Founded by Don Henley and Glen Frey in 1971, it was The Eagles, along with Fleetwood Mac, who came to represent the pinnacle of accessible AOR by the mid 1970’s, and a dream come true for FM radio programmers the world over. As opposed to The Flying Burrito Brothers and Poco, The Eagles were more rock-country than country-rock, whose blend of tough though easy listening instrumentation was enhanced by some of the finest vocal harmonies ever recorded in popular music.
When Their Greatest Hits (1971-1975) was released in 1976, the band, or record company’s timing couldn’t have been better. And what a compilation it is. Here the listener doesn’t need to purchase their first four albums, because all one ever wants or needs to listen to is captured and chronicled on a single disc. Sure, there are superior anthologies on CD, but for me, this will always be the one. Especially if I’m having a few drinks with the wife on a Saturday night, knowing that pretty soon we’ll be flipping a coin to decide whether it’s David Bowie or Weather Report one of us will have the luxury of playing next.

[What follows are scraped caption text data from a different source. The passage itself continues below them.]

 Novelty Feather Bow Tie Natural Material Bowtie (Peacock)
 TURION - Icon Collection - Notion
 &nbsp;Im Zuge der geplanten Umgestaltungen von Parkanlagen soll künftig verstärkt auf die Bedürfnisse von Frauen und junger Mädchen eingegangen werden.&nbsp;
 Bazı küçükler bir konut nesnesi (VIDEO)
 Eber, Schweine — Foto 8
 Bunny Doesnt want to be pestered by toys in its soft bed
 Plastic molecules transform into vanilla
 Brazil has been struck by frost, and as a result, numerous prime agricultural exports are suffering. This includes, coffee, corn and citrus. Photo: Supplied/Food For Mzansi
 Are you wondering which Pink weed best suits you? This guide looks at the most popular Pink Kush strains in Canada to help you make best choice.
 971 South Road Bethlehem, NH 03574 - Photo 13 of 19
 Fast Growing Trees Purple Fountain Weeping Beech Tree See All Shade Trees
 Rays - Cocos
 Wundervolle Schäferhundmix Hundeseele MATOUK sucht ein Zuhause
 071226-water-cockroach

We open with their classic rendition of Jackson Browne and Glen Frey’s “Take It Easy”, a great road tune if there ever was, and a song that never drags, but rather picks you up and carries you along. On “Witchy Woman” Henley’s sexually-infused vocals still manage to captivate the listener after all these years, while with “Lyin’ Eyes” The Eagles proved that they could appeal to both rock and country fans in equal measure. The band take off down the highway on the muscular “Already Gone”, sung by Frey, before the melancholic “Desperado” offers the listener a moment to pause and reflect on the differences between reality and destiny.
“One of These Nights” is country-disco, for want of a better term, and one those songs that can either be enriching or annoying, depending on what mood you’re in. “Tequila Sunrise” is a Henley/Frey composition about lost love and being cheated on, which for some reason reminds me of Neil Young. The slow waltz of “Take It to the Limit” (AKA credit card blues) has Randy Meisner singing lead vocals, not surprising since he wrote it (with a bit of help from Henley and Frey). Based on the lyrics I’d say that Meisner was just about at his limit emotionally, whether due to a woman, or other factors better left to biographers. We return to country-rock with Jack Tempchin’s uplifting and memorable “Peaceful, Easy Feeling”, a song which makes you feel that everything is OK, no matter what life may throw at you.
The last track is the reflective and breezy “Best of My Love”, about a failed (or failing) relationship, with more of those impeccable and timeless harmonies The Eagles were famous for. It’s not my favourite track of theirs, but a pleasant way to end what is overall a relatively immaculate collection of ditties.
As far as the music is concerned, most of this album’s contents have been played far too much on the radio, thus taking away some of the impact they would potentially have on anyone discovering them for the first time. Always a target for the musical cognoscenti, The Eagles’ oeuvre has continued to mature over the decades, to the point where they have today become virtually bullet proof. Even at the band’s peak, their songs could be both cheesy and intoxicating, though always with a mood unfailing in character. Let it be said that The Eagles were certainly unique, and with the passing of Glen Frey, much of this finely crafted material can suddenly take on a whole new meaning. However for me, that meaning has always been there from the beginning. Music that will indeed lighten your load, and take you back to a time when things were far more peaceful and easy than they seem to be today.